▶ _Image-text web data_
((
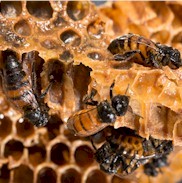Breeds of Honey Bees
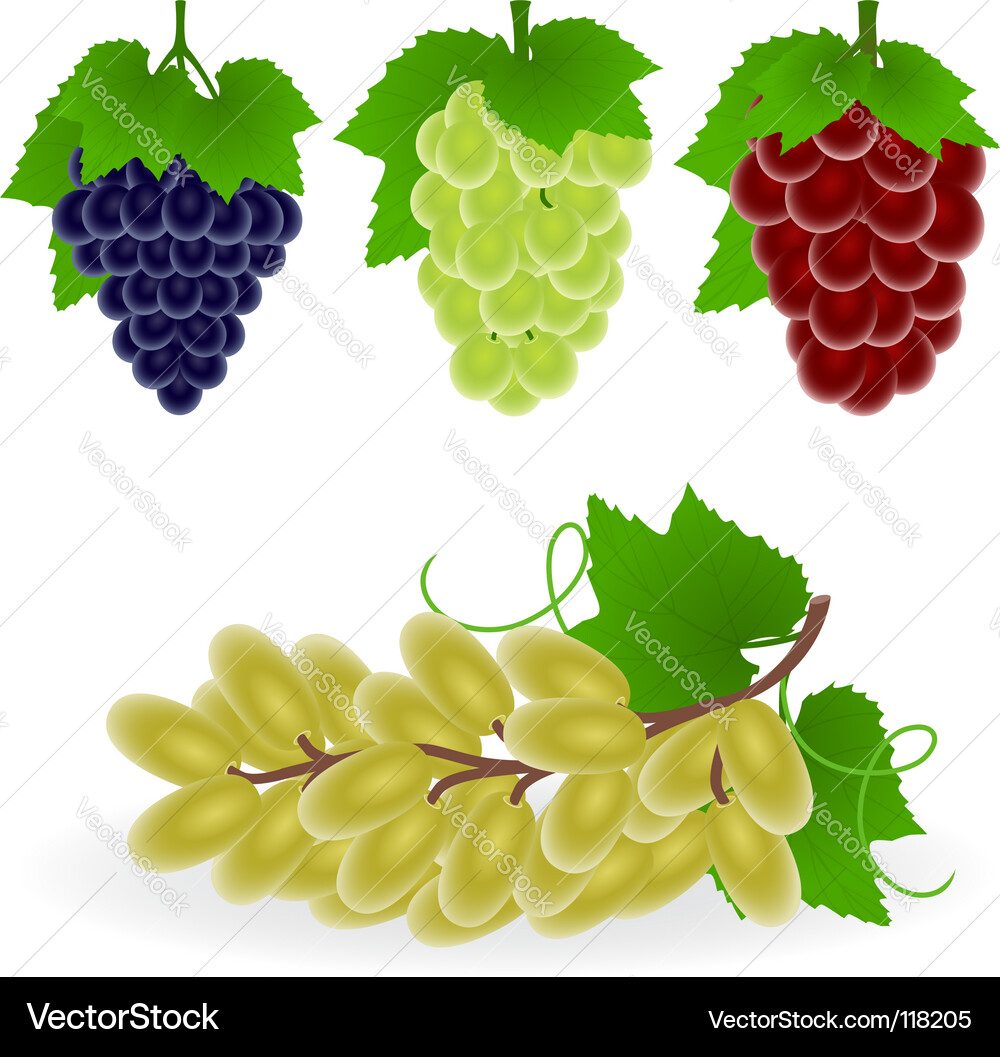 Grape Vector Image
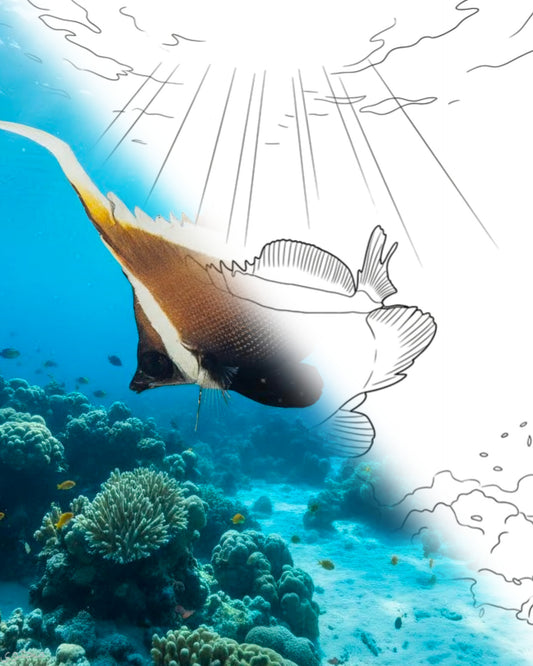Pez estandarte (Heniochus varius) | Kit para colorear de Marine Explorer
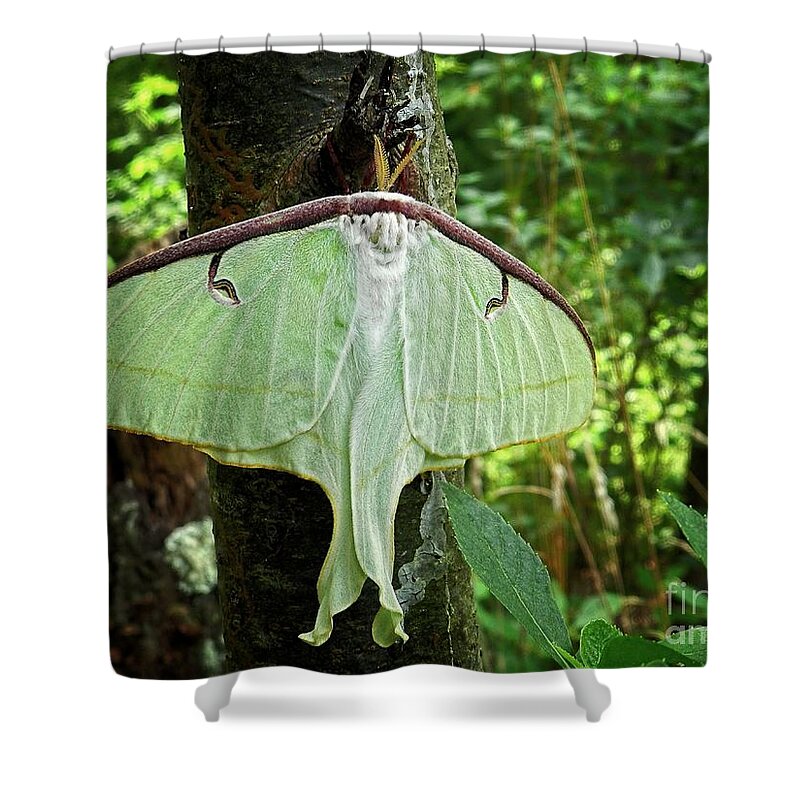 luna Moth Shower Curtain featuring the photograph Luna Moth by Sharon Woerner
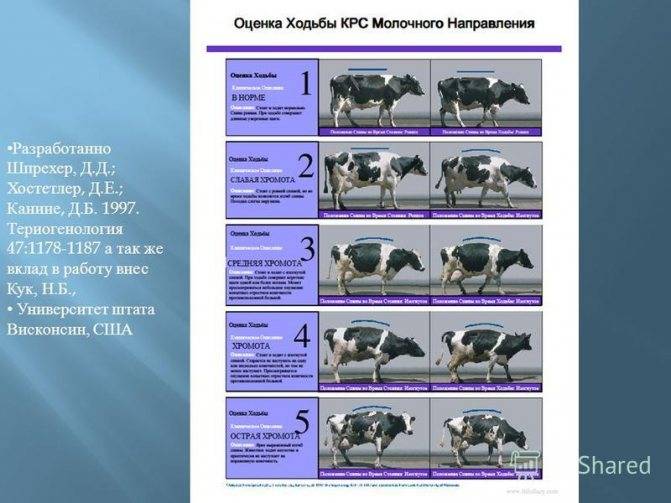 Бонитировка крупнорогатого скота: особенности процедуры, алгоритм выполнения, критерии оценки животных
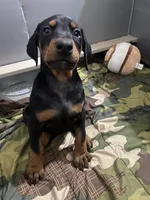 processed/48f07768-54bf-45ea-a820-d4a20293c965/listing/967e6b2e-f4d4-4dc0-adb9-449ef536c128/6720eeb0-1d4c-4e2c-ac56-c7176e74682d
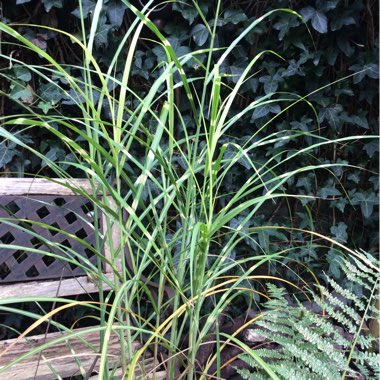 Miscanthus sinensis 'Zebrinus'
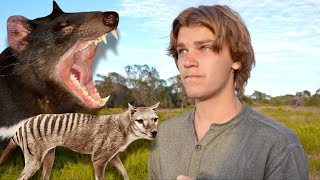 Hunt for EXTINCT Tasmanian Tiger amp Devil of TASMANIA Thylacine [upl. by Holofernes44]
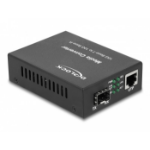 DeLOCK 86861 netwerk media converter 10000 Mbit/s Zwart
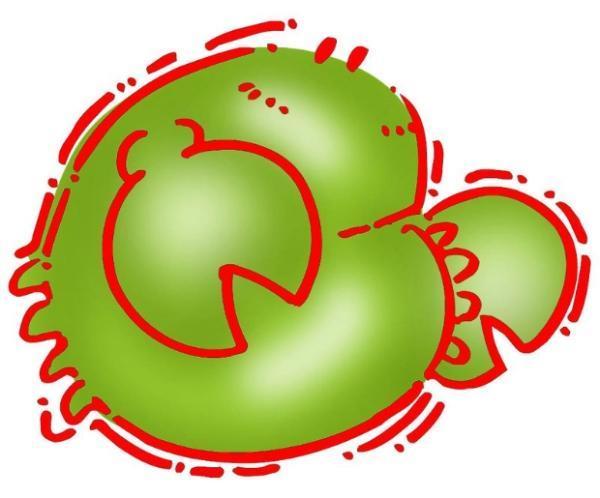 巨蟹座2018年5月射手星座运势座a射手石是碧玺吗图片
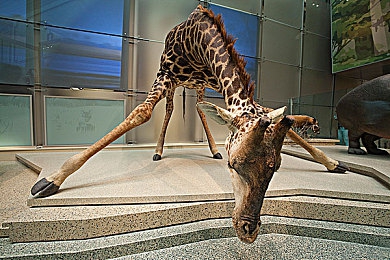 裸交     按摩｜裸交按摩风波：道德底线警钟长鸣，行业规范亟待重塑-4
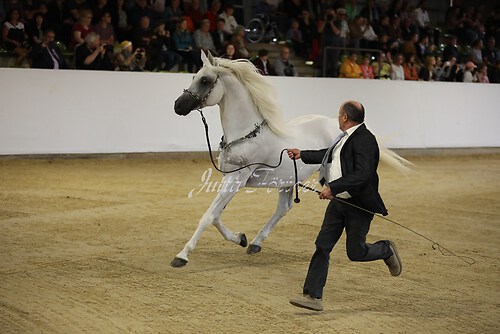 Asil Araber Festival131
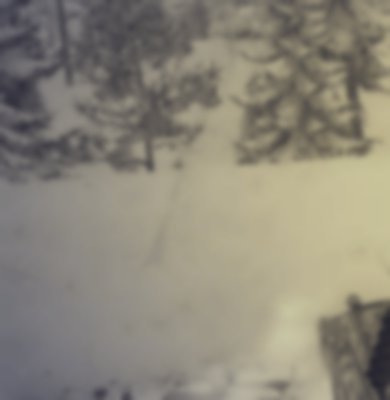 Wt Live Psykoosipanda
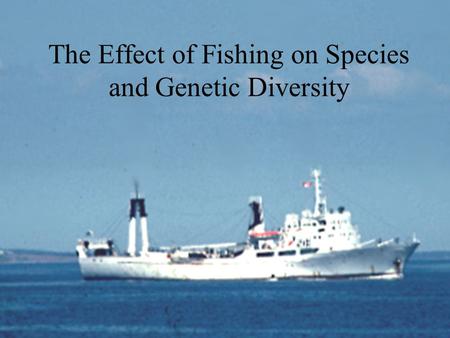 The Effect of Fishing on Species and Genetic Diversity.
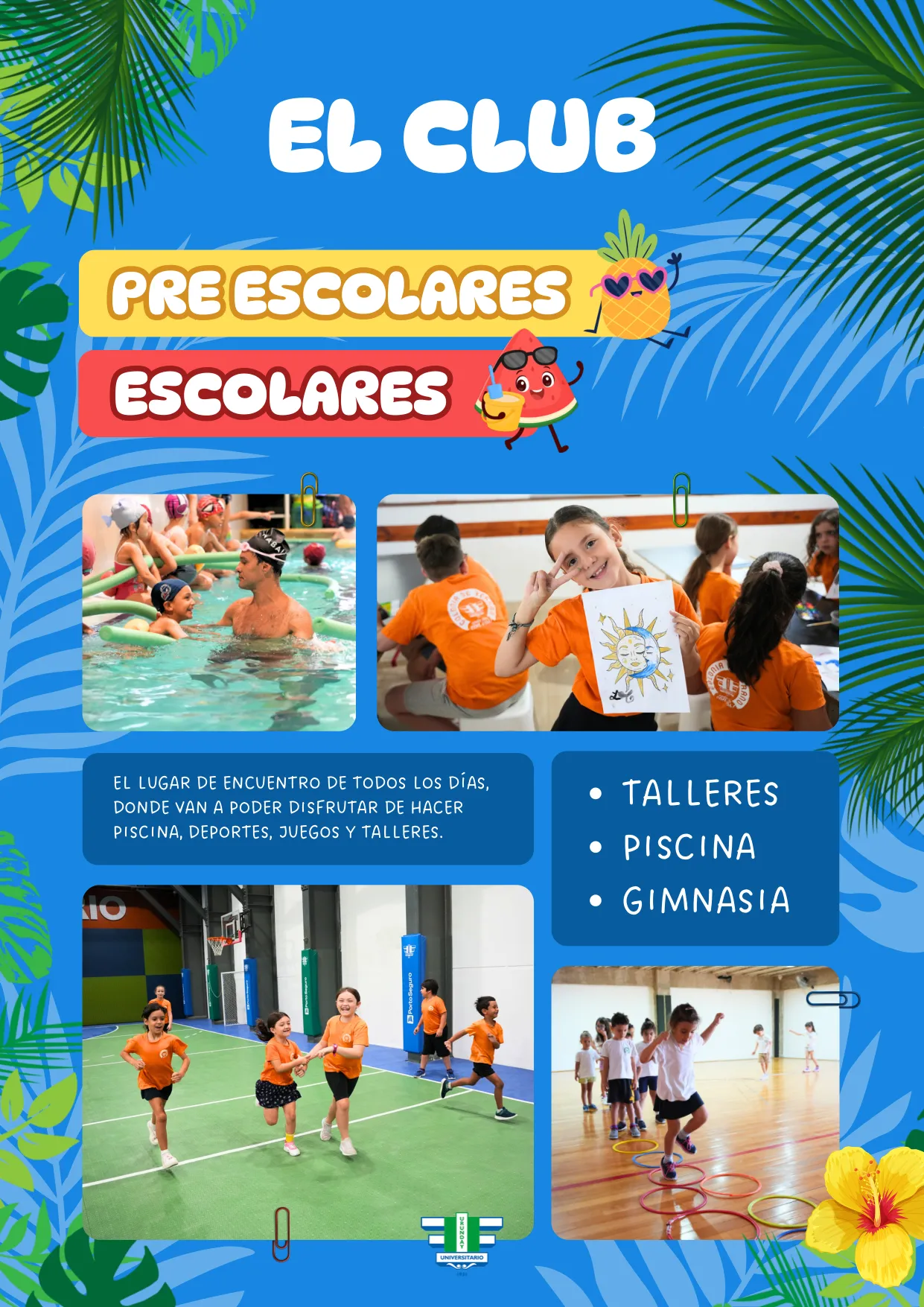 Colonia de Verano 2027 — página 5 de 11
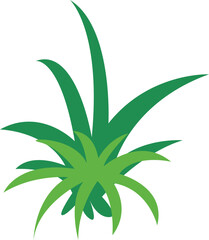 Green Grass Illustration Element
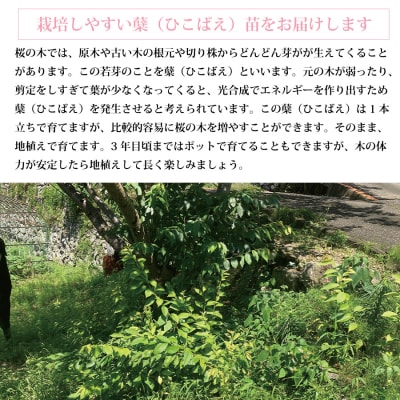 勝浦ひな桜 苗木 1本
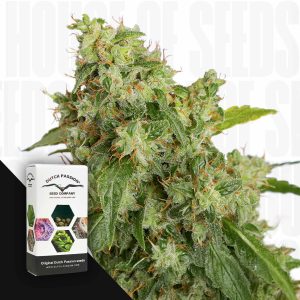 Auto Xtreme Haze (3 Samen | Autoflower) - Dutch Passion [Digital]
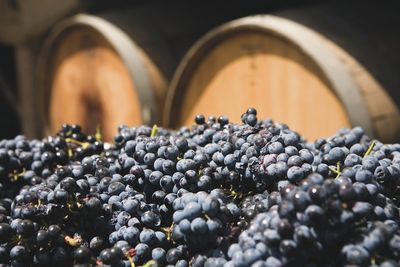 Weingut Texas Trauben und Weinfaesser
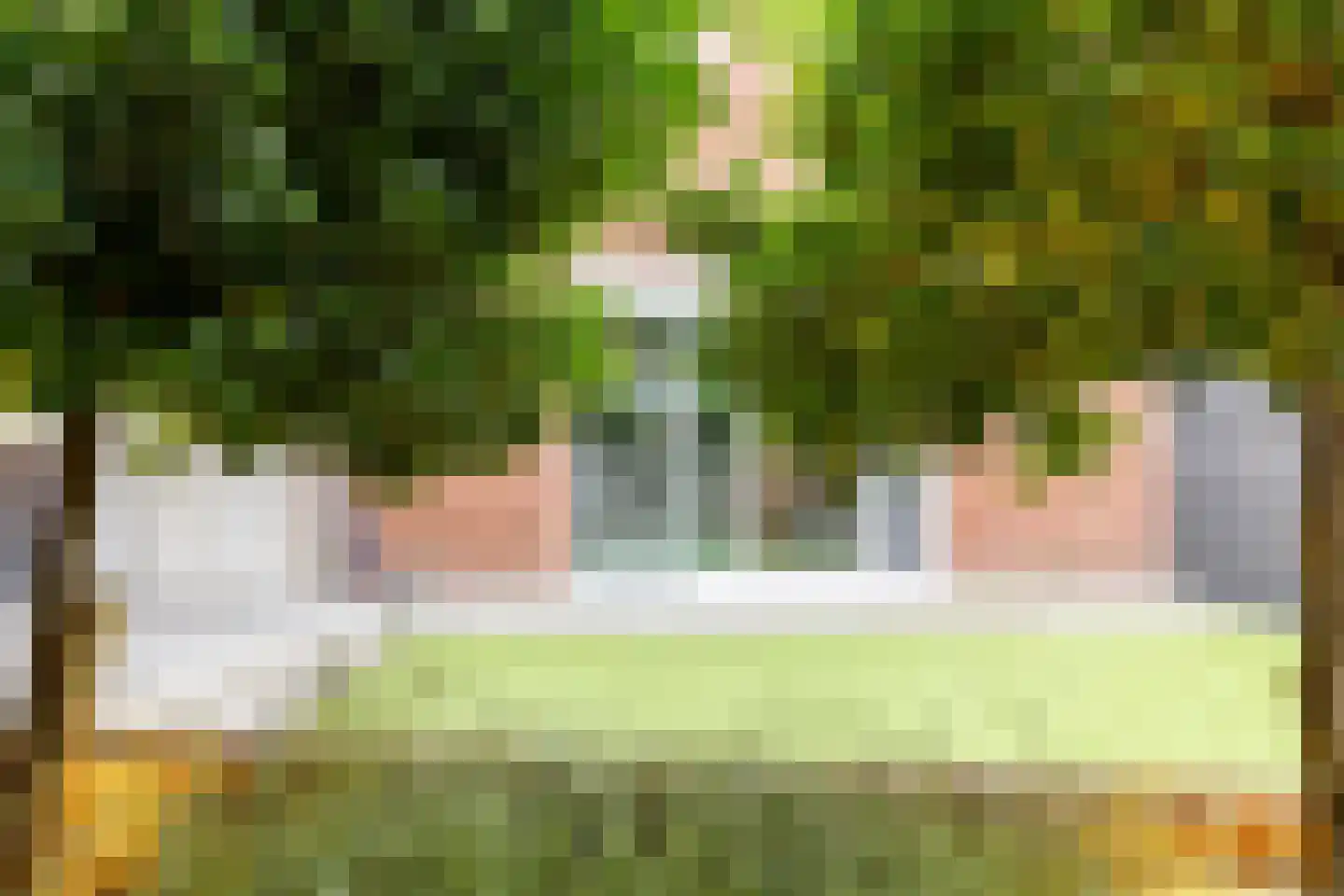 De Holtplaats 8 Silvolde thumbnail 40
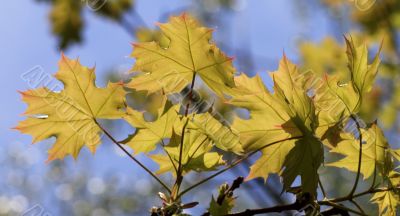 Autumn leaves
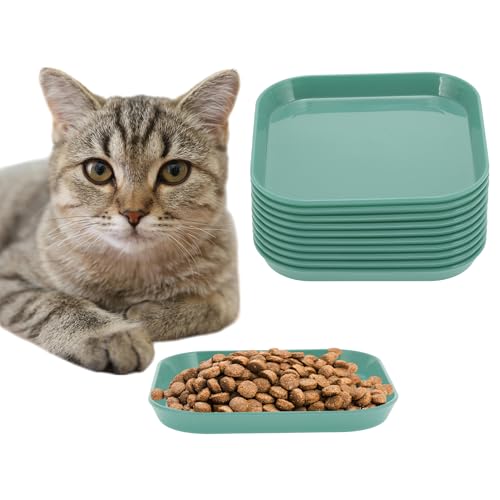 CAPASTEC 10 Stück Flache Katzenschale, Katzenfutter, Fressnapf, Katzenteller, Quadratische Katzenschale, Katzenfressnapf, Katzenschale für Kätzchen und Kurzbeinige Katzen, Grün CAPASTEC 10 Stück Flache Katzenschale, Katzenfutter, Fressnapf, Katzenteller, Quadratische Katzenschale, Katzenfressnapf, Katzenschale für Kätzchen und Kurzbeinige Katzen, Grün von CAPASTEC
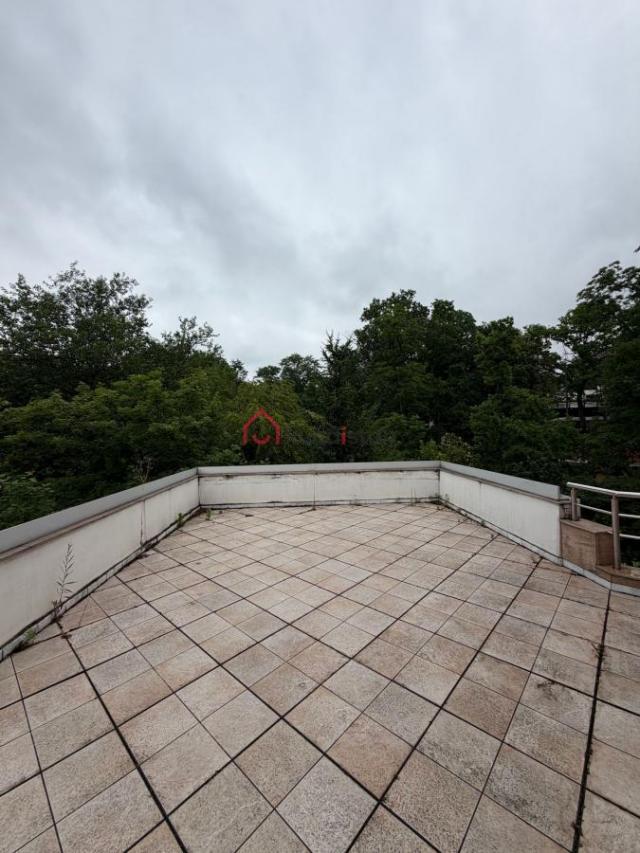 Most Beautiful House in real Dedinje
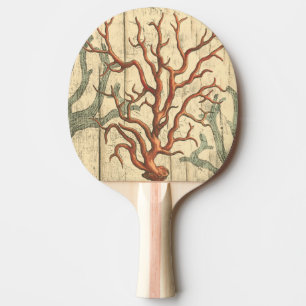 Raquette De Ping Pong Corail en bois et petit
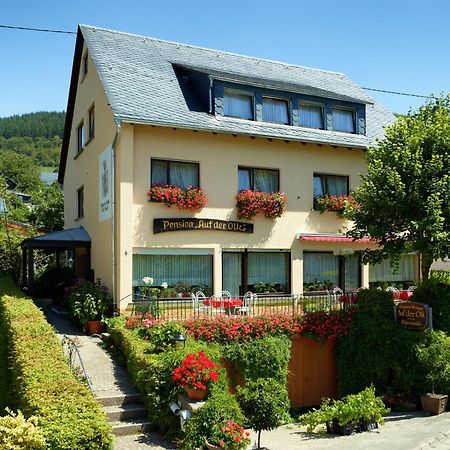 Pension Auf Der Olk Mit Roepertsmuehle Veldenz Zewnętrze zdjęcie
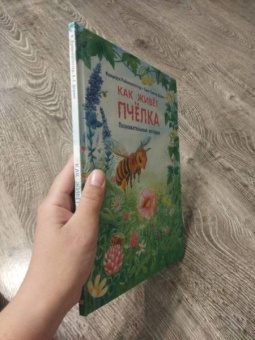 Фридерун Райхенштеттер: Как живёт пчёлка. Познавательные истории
))
▶ _TASK DETAILS_
Write out each line of the data above exactly, starting at the top and finishing with the line containing "Wt Live Psykoosipanda"; omit the pictures.

▶ _SOLVED EXERCISE_
Breeds of Honey Bees
 Grape Vector Image
Pez estandarte (Heniochus varius) | Kit para colorear de Marine Explorer
 luna Moth Shower Curtain featuring the photograph Luna Moth by Sharon Woerner
 Бонитировка крупнорогатого скота: особенности процедуры, алгоритм выполнения, критерии оценки животных
 processed/48f07768-54bf-45ea-a820-d4a20293c965/listing/967e6b2e-f4d4-4dc0-adb9-449ef536c128/6720eeb0-1d4c-4e2c-ac56-c7176e74682d
 Miscanthus sinensis 'Zebrinus'
 Hunt for EXTINCT Tasmanian Tiger amp Devil of TASMANIA Thylacine [upl. by Holofernes44]
 DeLOCK 86861 netwerk media converter 10000 Mbit/s Zwart
 巨蟹座2018年5月射手星座运势座a射手石是碧玺吗图片
 裸交     按摩｜裸交按摩风波：道德底线警钟长鸣，行业规范亟待重塑-4
 Asil Araber Festival131
 Wt Live Psykoosipanda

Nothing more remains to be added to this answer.